Just a lovely little hello from Lupus I guess.

Tonight, Sabou had a bit of a fit. She doesn’t like not to get her way. She has her way that she likes to do things. She doesn’t like the elevator, she likes the stairs. We live on the fifth floor. She also likes to stop at apartment 3D to say hi, on the way up. The family there is very accommodating, but I don’t want to tire them out. Tonight we went out again, to buy flowers. And again, she wanted to climb the stairs and knock on 3D. I can’t in good conscience put the family through that twice in like 20 minutes. Sabou threw a FIT, a screaming fit right there on the third floor. I grabbed her up, and all of our stuff – her stroller with the baby teddy in it, the two bouquets of flowers, and hobbled up the stairs, for the second time in about 20 minutes. I was feeling so weak. Well, the girl went ballistic on me, and it didn’t impact me at all like it used to. I was expecting it, didn’t take it personally, and just let her get it out. She screamed, she threw herself on the floor, she did all of the antics that toddlers are so good at, and I was completely unaffected and just let her have her space to get it out. After a while she did calm down and then just wanted to be hugged, which I did. I just hugged her. The rest of the evening was fine.

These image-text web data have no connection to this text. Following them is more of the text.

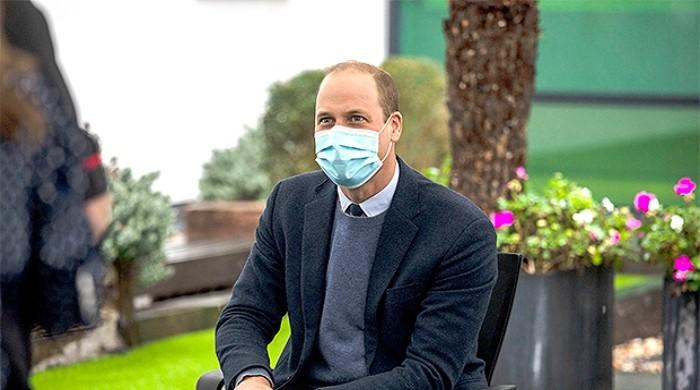 Prince William Reacts To BBC Investigating Princess Diana's Panorama ...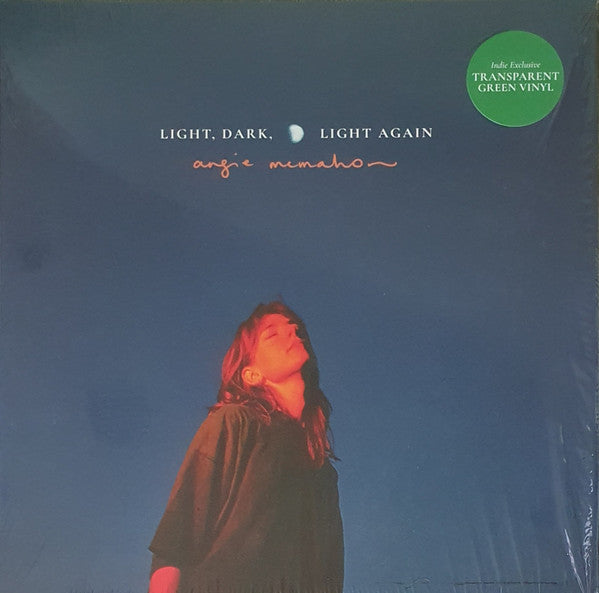 Angie McMahon - Light, Dark, Light Again (LP, Album, Gre)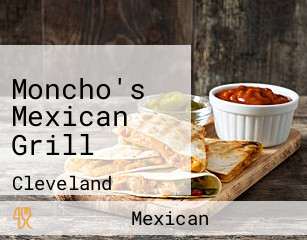 Moncho's Mexican Grill
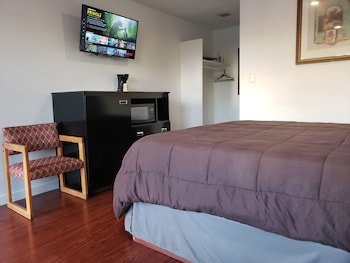 Guest Harbor Inn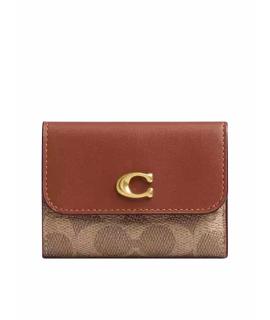 COACH Кошелек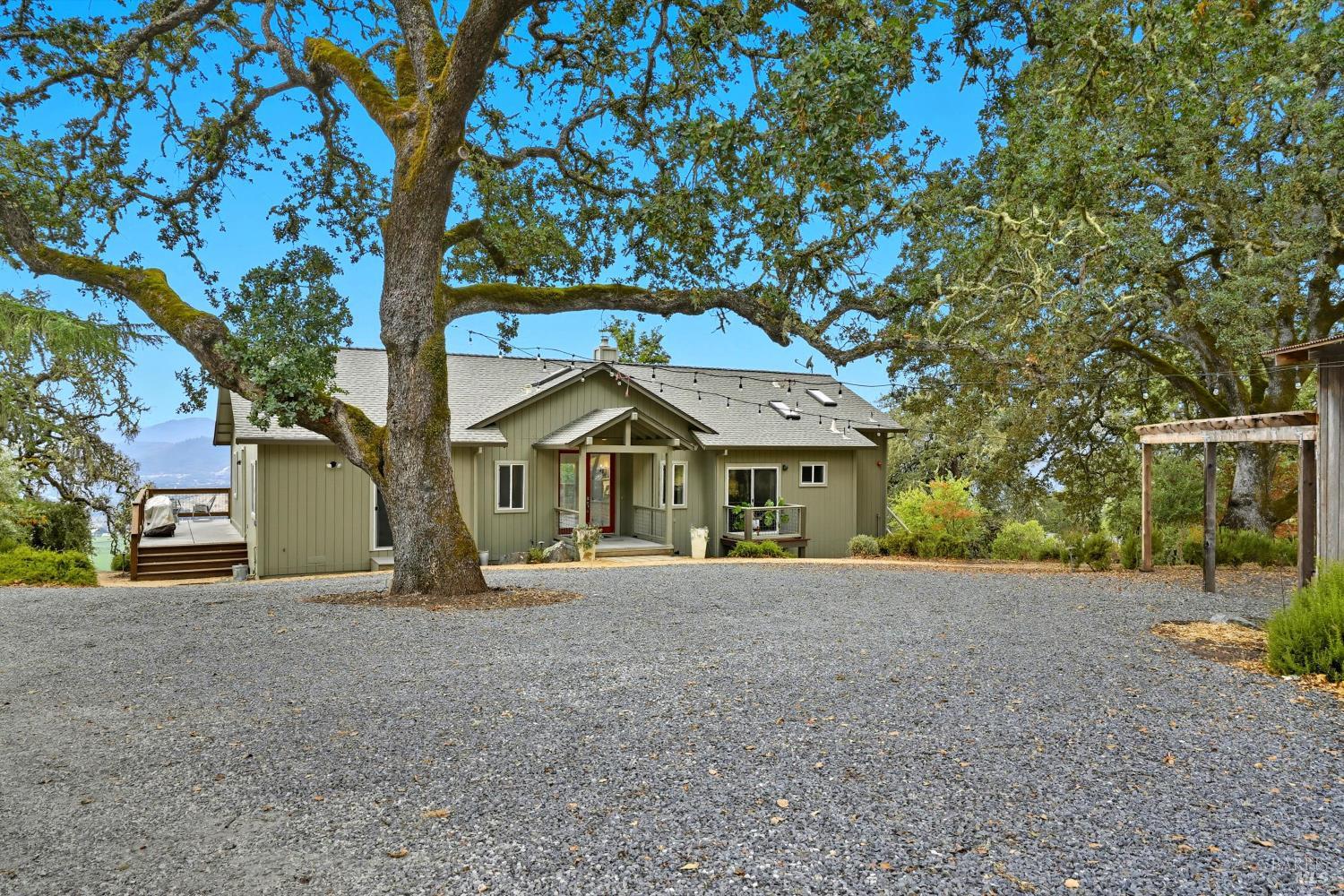 31000 Pine Mountain Road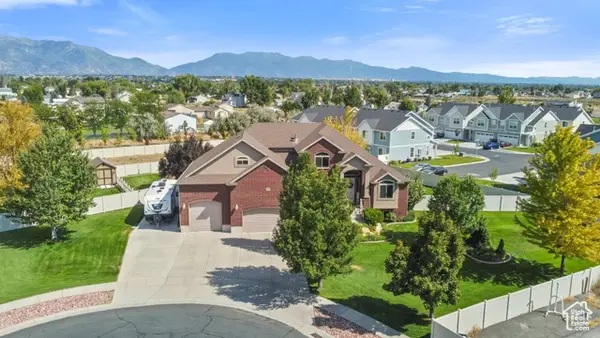 3880 S 4550 W, West Haven, UT 84401
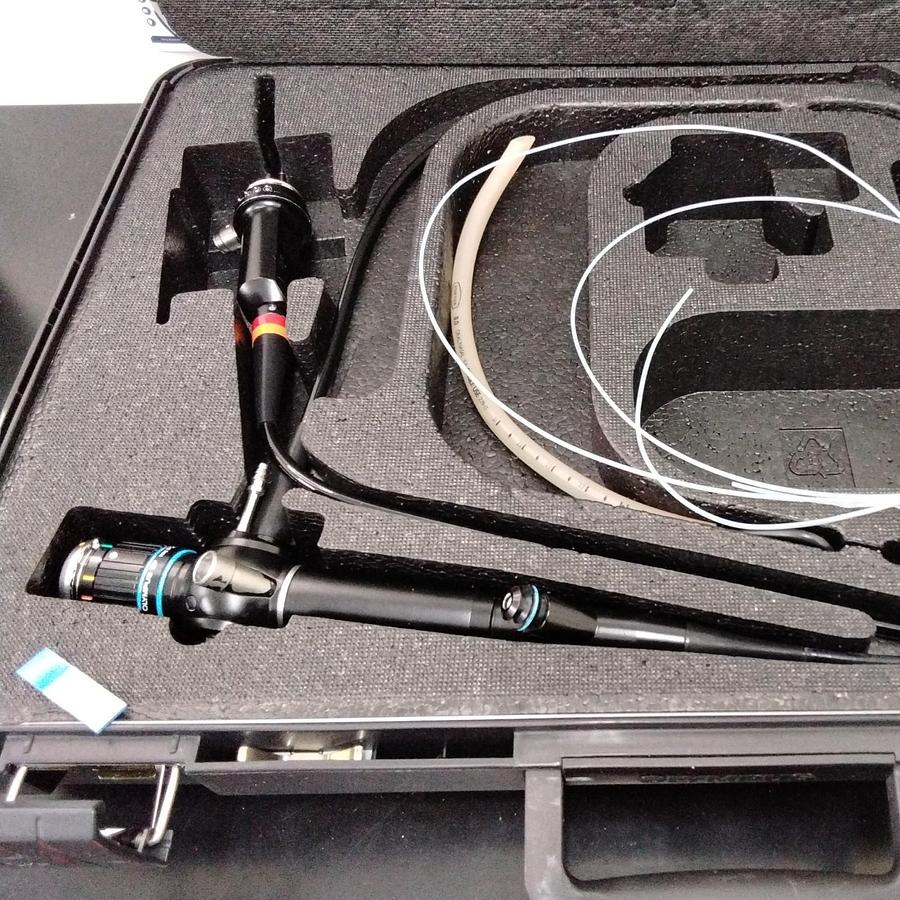Used Olympus scope  Type: BF-P20D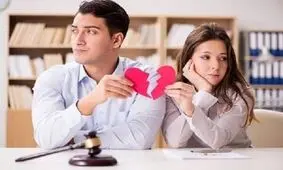 ۱۰ تغییر عجیب در برنامه روزانه یک مرد قبل از درخواست طلاق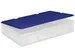 Couvercle À Charnières Pour Bac Norme Europe Lxl 600X400Mm Rouge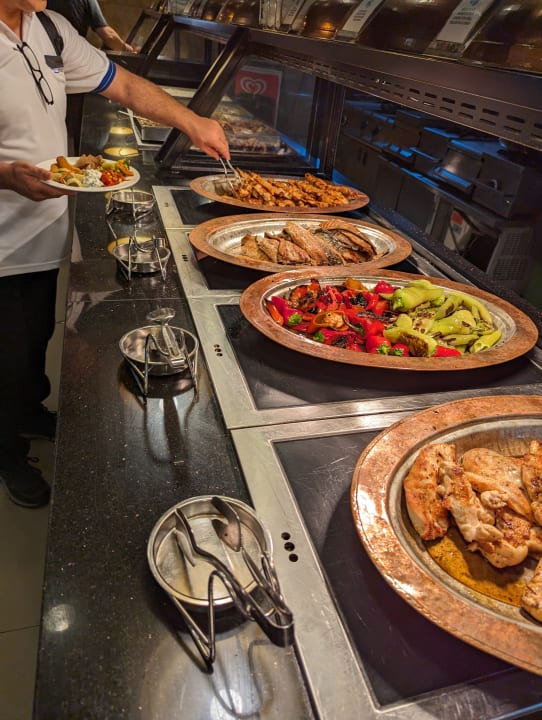 Gastro Crystal Prestige Elite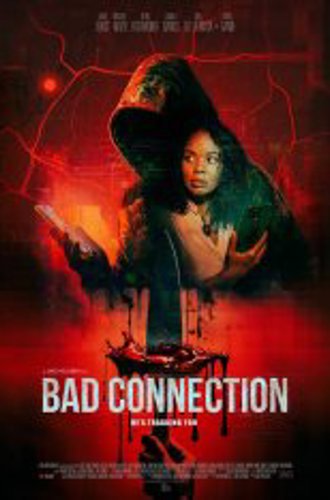 Плохая связь / Bad Connection (2023) WEB-DL 1080p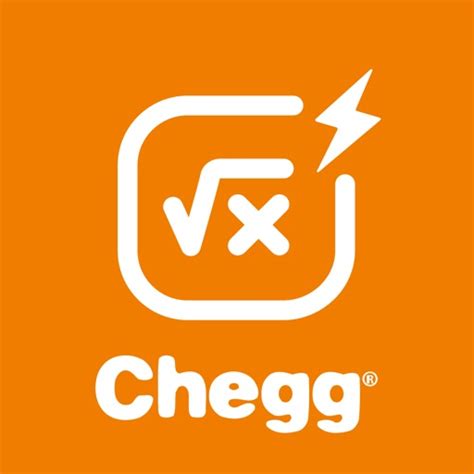Rezultat imagine pentru Chegg Math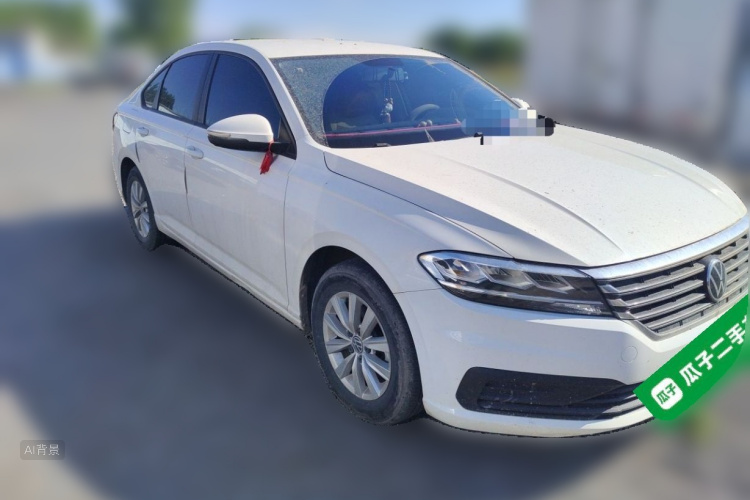 Volkswagen Lavida 2021 #4 Volkswagen Lavida 2021 car image #4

When Youba got home I described the pain for him, letting him know that whatever it was had left and asked him what he thought. He said I should join a gym. I said, “Really? When would I go? When would I be able to go?” He went silent. I didn’t let it stay there and said, “Maybe in May when you graduate, then I could think about it? Will you be here more often after graduation, here with us?” He responded, “Yes.”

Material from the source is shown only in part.